Ich muß ein Heim für sie finden, wo man sie versorgt. Seit einiger Zeit vergißt
sie alles, und ich habe Angst, daß sie das Haus in Brand setzt.«
    »Terri mußte sie in ein Heim geben, glaube ich«,
sagte Wetzon. »Sie sprach mit Davey — dem Regisseur von Combinations —
und flog dann von Boston nach Cincinnati, während wir andern in der Show
auftraten. Das hat sie damals völlig geschafft. Weil sie bei ihrer Großmutter
aufgewachsen war.

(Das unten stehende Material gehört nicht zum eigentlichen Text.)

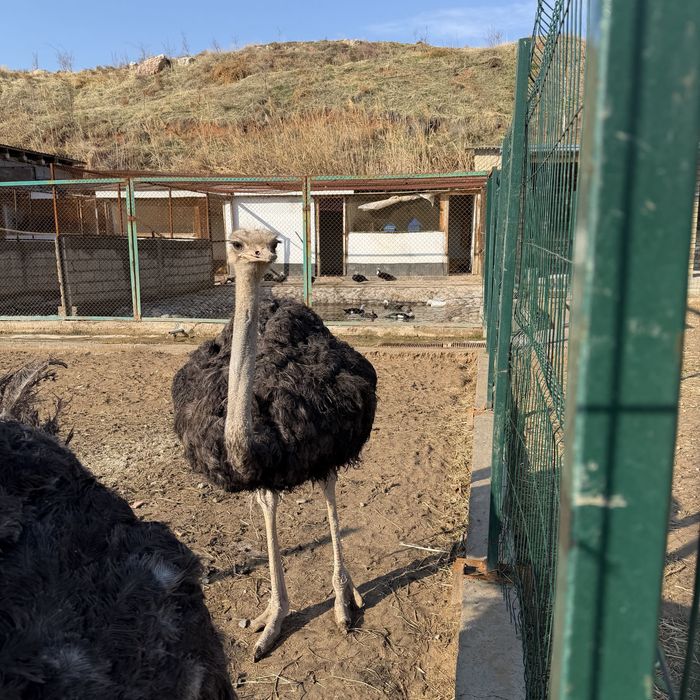 Страус Tuyaqush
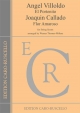 Villoldo, Angel - El Portenito / Callado, Joaquin - Flor Amorosa - for String Sextet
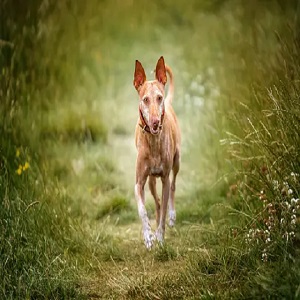 The Fascinating World of Hound Dog Breeds Unveiling Their Unique Qualities 2023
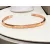Daniel Wellington kis méretű 15 cm női ékszer karkötő DW00400001 /kampcri várható érkezés:05.05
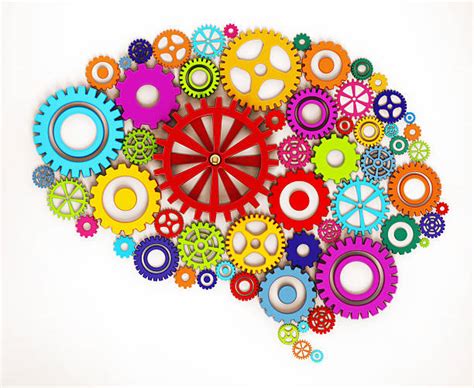 14500 Brain Gears Stock Photos Pictures And Royalty Free Images Istock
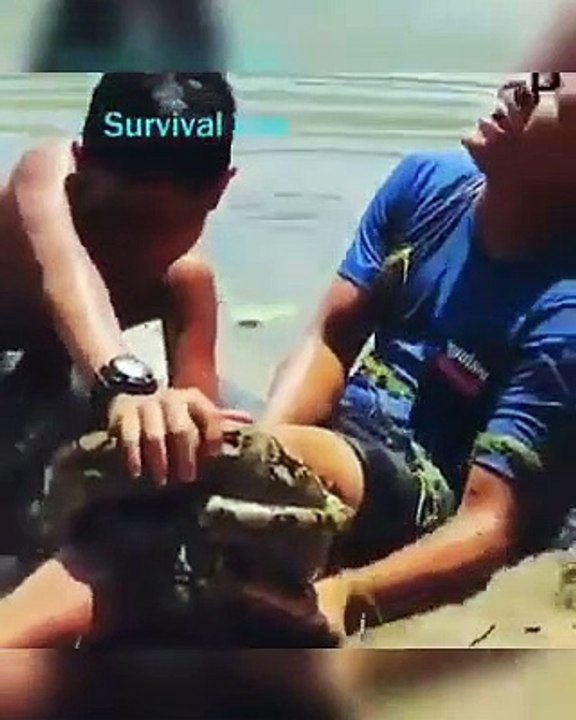 Joven es salvado de Boa que lo había atrapado en un rió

Und nun erkannte sie ihre Enkelin nicht mehr.« Es war, als
entblätterte man eine Artischocke, dachte Wetzon, weil ihr während des Redens
immer mehr einfiel. »Terri sagte, ihre Großmutter nach New York zu holen, käme
nicht in Frage. Sie spielte aber immer wieder eine wichtige Rolle in ihrem
Leben. Das elfenbeinfarbene Seidenkostüm, das wir in Filene’s basement kauften,
war im Zusammenhang mit ihr für eine besondere Gelegenheit gedacht.«
    Nina nickte. Silvestri dagegen zeigte so eine
Art Stolzer-Vater-Miene, die Wetzon irritierte. Dann war es vorbei; ihre Blicke
begegneten sich, und sie sahen sich lange an.
    »Ich fuhr zu dem Pflegeheim hinaus«, fuhr Nina
fort, »und sprach mit dem Verwalter.